Websites carry metadata in four standard layers, and a fifth informal one. Most extractors handle two or three; the good ones cover all five.
What's in the head
- <title> and <meta name="description"> — the original SEO pair, still the most important.
- Open Graph tags (og:title, og:description, og:image, og:url) — what Facebook, LinkedIn, and Slack use for link previews.
- Twitter card tags (twitter:card, twitter:title, etc.) — same role, different namespace.
- JSON-LD structured data — Schema.org types like Article, Product, BreadcrumbList. What Google uses for rich results.

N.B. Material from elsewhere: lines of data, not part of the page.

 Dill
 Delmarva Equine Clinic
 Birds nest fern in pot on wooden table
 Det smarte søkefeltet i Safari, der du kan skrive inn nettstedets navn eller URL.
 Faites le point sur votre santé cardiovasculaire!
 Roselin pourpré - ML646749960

- Microdata and RDFa — older alternatives to JSON-LD, still common on legacy sites.
Quick extract: curl + grep
curl -s https://example.com | grep -i 'meta\|title\|json-ld' is enough for one-off poking. Useless at scale because it can't parse JS-rendered content or handle malformed HTML.

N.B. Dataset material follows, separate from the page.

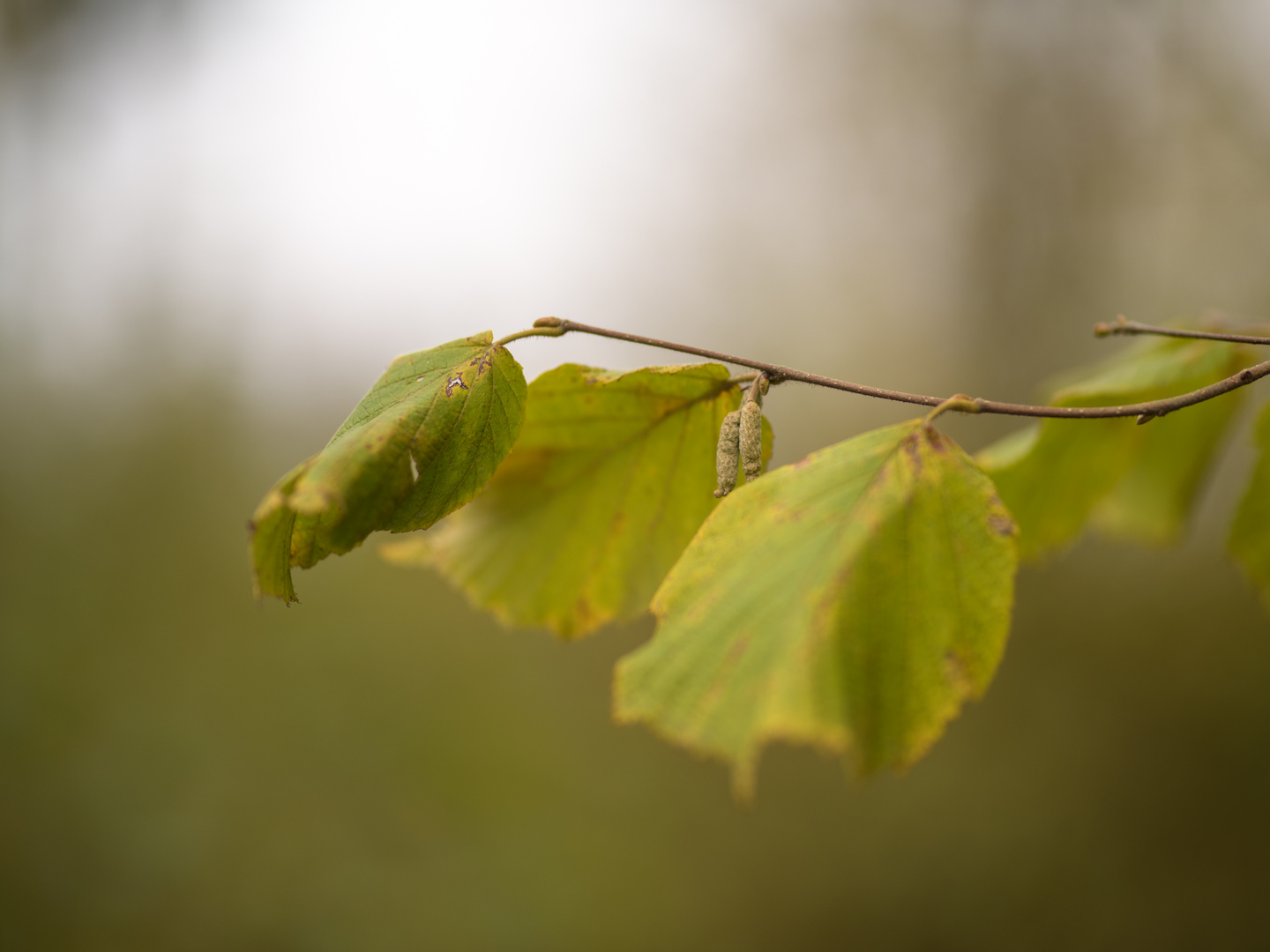 Herbst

Python: BeautifulSoup + extruct
extruct is the right library for everything beyond title/description. It handles JSON-LD, microdata, RDFa, OpenGraph, and microformats from a single HTML string:
import requests, extruct html = requests.get("https://example.com").text data = extruct.extract(html, base_url="https://example.com") print(data["json-ld"]) print(data["opengraph"])
For JS-rendered sites, swap requests for Playwright or Puppeteer to get the post-render HTML before passing to extruct.
Node: metascraper
Modular metadata scraper with adapters for title, author, image, date, publisher. Used in production by several link-preview services. Returns a normalized object regardless of which tag layer the site actually uses.
Hosted APIs
Microlink, LinkPreview, and OpenGraph.io return cleaned metadata for any URL. Worth it when you don't want to maintain a fetcher and rendering layer yourself, especially for a link-preview feature in a chat or CMS product.

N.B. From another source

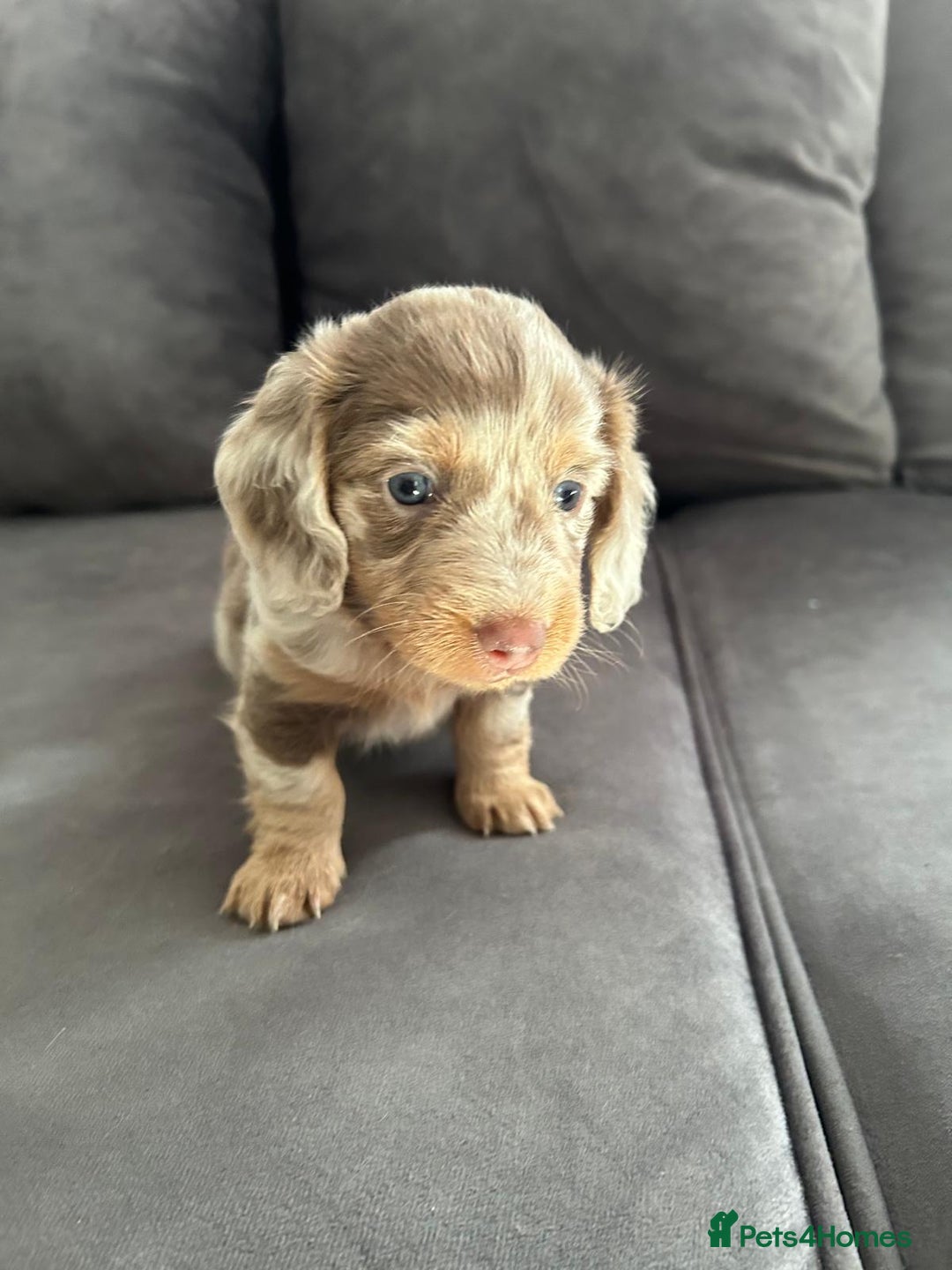 Miniature Dachshund dogs for sale: Beautiful champion miniature dachshunds - Image 4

What "metadata" doesn't include
The <head> tags are author-declared and often missing, lying, or stale. For real content extraction — actual title, byline, publish date, body text — you need a content extractor (Readability, Mercury, Trafilatura) that infers these from the visible page when the metadata is wrong. ExtractFox's website extractor takes the same approach: it reads the rendered page, not just the head.
Edge cases
- Single-page apps that render in JS and don't update the head dynamically — Next.js, Remix, and similar frameworks fix this server-side; SPAs with client-only routing often don't.
- Paywalled articles where the metadata says one thing and the actual content is a paywall — mostly a problem for content syndication tools.
- Sites that return different metadata to bots vs. browsers — check both with a Googlebot user-agent if rankings depend on it.